Studio album by John Vanderslice
- Released: July 24, 2007
- Genre: Indie rock
- Length: 38:16
- Label: Barsuk

John Vanderslice chronology
| Pixel Revolt (2005) | Emerald City (2007) | Romanian Names (2009) |

= Emerald City (John Vanderslice album) =

Emerald City is the sixth album by American singer-songwriter John Vanderslice.
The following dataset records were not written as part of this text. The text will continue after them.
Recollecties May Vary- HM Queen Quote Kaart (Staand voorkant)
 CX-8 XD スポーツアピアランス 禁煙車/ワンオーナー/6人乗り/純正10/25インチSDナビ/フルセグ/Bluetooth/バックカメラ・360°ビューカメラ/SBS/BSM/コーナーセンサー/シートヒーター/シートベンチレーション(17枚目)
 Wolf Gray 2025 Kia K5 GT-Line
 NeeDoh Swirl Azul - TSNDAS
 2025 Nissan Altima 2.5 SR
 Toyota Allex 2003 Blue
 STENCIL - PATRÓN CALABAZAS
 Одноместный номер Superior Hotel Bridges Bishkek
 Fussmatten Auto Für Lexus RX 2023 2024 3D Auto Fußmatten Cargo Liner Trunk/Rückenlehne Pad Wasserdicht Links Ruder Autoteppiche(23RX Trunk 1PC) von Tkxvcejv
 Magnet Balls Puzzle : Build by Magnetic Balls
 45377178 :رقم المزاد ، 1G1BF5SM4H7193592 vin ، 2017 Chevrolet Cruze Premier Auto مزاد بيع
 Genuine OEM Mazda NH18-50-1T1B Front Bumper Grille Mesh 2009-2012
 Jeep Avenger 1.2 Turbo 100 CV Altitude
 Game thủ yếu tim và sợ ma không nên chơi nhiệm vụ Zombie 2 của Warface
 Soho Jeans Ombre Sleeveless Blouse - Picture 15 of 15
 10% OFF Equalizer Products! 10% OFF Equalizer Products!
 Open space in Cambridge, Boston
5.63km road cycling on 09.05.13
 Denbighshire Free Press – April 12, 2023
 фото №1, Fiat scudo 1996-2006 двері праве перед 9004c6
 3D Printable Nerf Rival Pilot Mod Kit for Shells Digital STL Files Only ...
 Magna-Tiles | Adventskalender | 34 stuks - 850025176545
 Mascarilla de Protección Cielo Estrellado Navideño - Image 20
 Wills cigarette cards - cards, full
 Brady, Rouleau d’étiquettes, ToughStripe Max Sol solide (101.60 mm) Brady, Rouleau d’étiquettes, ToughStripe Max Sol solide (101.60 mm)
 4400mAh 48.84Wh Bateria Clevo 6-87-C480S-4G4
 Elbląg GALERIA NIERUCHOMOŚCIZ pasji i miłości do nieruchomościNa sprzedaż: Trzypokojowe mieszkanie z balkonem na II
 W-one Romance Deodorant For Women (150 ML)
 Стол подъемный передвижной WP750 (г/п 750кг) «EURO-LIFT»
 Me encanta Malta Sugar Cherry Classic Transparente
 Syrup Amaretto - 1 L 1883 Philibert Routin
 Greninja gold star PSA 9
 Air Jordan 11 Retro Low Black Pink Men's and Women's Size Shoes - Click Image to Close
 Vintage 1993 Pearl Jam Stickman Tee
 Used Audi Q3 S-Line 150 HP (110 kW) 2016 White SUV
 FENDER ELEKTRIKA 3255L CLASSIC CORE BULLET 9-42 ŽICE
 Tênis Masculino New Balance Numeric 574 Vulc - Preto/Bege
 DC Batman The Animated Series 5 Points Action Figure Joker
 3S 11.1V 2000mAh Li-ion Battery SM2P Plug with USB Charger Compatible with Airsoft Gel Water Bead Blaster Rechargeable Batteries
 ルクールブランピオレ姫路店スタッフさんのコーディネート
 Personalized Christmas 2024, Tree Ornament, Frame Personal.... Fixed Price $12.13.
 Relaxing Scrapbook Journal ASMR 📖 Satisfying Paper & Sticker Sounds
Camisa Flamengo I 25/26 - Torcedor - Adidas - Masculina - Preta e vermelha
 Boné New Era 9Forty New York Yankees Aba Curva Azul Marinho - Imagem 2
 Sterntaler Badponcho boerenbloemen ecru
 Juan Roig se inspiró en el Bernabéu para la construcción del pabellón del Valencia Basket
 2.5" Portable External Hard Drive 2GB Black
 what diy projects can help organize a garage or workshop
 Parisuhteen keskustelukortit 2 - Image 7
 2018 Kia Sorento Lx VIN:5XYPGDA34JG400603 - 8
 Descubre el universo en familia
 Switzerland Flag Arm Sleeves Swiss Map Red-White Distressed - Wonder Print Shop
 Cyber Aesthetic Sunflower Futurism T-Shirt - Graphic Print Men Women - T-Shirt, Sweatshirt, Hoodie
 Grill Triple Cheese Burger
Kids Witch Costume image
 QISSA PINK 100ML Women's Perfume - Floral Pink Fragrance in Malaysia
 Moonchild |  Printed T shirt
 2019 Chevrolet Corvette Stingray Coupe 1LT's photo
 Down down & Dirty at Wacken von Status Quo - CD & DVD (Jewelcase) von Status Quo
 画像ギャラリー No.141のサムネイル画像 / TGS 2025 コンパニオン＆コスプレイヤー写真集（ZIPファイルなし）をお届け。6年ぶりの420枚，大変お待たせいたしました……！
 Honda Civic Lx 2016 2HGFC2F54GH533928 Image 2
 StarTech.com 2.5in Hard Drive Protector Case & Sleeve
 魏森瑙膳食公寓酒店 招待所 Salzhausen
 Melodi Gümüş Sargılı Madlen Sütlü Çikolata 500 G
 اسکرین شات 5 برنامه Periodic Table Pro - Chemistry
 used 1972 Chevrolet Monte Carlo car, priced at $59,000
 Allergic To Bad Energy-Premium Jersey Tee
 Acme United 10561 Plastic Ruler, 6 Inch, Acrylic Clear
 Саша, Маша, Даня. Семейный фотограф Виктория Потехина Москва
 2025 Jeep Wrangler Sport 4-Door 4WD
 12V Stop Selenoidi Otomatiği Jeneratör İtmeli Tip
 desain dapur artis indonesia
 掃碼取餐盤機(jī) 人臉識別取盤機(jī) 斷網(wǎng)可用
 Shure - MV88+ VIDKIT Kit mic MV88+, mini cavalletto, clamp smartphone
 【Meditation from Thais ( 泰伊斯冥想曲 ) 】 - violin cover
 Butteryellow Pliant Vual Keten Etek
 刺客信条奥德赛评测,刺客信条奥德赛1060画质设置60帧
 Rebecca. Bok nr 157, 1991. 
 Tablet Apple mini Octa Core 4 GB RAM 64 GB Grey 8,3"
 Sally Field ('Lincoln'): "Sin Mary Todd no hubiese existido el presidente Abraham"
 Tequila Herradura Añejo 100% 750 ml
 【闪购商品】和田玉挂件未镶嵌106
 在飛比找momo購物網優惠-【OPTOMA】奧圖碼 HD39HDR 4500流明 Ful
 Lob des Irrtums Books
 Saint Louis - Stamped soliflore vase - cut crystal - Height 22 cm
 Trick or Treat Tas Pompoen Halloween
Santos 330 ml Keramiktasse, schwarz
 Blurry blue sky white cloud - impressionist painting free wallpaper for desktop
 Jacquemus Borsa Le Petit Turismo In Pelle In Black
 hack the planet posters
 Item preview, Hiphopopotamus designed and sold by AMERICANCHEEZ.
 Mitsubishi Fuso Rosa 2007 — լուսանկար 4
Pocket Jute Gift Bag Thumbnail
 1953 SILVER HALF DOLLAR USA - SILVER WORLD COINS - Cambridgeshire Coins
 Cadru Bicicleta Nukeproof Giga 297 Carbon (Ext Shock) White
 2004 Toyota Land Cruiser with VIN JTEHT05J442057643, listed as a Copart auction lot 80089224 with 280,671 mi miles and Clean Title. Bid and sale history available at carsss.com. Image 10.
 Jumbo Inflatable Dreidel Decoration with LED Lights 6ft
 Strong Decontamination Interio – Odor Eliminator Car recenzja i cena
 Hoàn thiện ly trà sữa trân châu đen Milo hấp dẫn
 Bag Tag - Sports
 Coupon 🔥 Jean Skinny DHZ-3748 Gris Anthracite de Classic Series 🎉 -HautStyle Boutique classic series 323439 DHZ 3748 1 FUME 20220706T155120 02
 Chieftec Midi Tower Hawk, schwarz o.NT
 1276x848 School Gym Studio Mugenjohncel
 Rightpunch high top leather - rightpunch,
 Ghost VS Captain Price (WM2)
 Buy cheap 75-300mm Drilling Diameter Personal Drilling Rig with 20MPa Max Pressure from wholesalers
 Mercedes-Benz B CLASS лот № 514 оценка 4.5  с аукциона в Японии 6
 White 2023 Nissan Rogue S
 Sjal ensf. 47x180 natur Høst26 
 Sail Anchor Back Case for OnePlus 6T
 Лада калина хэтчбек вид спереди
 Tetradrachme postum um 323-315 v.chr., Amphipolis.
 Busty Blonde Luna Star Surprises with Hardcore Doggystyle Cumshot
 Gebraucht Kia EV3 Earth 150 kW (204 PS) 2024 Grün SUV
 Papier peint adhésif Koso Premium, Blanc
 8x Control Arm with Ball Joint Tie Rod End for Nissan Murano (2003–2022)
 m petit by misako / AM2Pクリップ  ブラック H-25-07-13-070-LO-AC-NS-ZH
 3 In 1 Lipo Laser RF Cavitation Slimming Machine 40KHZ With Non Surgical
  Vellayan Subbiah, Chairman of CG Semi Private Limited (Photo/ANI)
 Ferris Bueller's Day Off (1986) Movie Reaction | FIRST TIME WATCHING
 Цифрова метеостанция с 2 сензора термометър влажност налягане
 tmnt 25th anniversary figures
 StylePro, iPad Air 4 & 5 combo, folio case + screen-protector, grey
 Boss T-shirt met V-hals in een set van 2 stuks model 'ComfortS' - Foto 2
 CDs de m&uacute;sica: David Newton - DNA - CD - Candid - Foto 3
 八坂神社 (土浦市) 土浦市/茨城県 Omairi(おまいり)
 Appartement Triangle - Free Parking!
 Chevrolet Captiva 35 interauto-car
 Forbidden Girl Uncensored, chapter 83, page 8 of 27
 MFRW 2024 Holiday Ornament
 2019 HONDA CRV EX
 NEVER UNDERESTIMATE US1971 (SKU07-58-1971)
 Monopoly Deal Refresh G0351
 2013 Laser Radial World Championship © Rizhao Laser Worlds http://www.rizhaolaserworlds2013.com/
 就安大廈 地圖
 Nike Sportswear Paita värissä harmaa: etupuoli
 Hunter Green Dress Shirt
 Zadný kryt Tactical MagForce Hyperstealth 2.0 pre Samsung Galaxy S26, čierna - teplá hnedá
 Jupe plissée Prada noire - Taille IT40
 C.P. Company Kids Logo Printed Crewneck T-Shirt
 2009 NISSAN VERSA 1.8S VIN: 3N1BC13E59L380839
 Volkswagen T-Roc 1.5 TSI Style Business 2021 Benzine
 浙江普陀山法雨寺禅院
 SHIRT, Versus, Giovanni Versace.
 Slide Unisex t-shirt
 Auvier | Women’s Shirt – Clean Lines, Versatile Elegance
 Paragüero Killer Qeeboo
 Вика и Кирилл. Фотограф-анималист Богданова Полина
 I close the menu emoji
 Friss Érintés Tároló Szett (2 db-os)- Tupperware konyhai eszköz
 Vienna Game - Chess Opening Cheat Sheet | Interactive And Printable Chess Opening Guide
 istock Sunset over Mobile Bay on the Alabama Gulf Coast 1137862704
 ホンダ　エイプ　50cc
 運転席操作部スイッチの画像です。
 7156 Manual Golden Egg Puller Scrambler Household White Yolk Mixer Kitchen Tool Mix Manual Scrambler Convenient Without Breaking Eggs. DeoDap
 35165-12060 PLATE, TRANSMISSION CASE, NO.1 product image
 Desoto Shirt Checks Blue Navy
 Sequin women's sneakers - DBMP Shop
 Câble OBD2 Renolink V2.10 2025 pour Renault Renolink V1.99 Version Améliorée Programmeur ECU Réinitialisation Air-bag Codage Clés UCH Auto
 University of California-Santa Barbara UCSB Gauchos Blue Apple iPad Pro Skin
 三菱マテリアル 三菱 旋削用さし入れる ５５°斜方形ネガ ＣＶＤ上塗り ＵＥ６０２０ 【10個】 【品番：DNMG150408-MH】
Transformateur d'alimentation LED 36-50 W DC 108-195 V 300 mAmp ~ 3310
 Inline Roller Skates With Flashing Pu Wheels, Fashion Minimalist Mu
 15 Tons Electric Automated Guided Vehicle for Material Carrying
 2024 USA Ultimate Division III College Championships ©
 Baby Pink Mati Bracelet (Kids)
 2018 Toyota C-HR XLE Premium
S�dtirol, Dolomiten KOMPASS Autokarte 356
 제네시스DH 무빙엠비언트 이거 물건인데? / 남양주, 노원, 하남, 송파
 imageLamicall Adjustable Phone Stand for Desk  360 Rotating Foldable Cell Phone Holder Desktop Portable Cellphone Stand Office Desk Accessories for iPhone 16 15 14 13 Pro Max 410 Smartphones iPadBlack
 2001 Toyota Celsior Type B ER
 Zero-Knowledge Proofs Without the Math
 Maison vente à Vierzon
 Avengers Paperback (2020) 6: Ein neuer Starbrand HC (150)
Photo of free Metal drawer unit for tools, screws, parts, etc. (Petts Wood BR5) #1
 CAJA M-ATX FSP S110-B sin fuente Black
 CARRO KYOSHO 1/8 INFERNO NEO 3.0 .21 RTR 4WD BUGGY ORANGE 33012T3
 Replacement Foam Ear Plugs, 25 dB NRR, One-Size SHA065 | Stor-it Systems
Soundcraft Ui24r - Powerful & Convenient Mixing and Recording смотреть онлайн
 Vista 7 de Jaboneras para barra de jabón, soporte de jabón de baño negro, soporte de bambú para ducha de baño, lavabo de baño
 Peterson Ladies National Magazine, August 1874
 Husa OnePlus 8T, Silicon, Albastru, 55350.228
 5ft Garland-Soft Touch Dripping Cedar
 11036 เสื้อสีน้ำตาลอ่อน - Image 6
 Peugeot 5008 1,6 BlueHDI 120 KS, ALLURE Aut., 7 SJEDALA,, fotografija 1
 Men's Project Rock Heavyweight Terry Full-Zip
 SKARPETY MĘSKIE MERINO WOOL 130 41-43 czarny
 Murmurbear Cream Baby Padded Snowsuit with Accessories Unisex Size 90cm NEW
It was officially released in the United States on July 24, 2007, after having been leaked to the internet on or around June 23, 2007.

Professional ratings
Review scores
| Source | Rating |
| Allmusic | link |
| Metacritic | (82/100) link |
| Pitchfork Media | (6.2/10) |
| The Wheel's Still in Spin | link |
| Slant | link |

==Background==
Vanderslice has said about the album: "I was so beaten down after the 2000 election and after 9/11 and then the invasion of Iraq, Afghanistan; I was so depleted as a person after all that stuff happened, that I had to write my way out of it. I really had to write political songs because for me it is a way of making sense and processing what is going on."

The name of the album references both the nickname of the fortified Green Zone in Baghdad and the name of the city in The Wizard of Oz.

==Track listing==
1. "Kookaburra" (5:30)
2. "Time to Go" (2:28)
3. "The Parade" (4:41)
4. "White Dove" (4:00)
5. "Tablespoon of Codeine" (5:26)
6. "The Tower" (4:06)
7. "The Minaret" (4:27)
8. "Numbered Lithograph" (2:22)
9. "Central Booking" (5:16)

==Critical reception==
Emerald City achieved a score of 82/100 on Metacritic. Entertainment Weekly called the album "a gleaming gem" that doesn't disappoint. Billboards review of the record called Vanderslice an "always perceptive lyricist". Calling Vanderslice a "master story-teller", Matt Fink of Paste said that Emerald City was "vividly imagined yet subtle in tone, with conflicted character sketches unfolding around somber synth melodies, creaky electronic effects, and fuzzy acoustic guitar strums."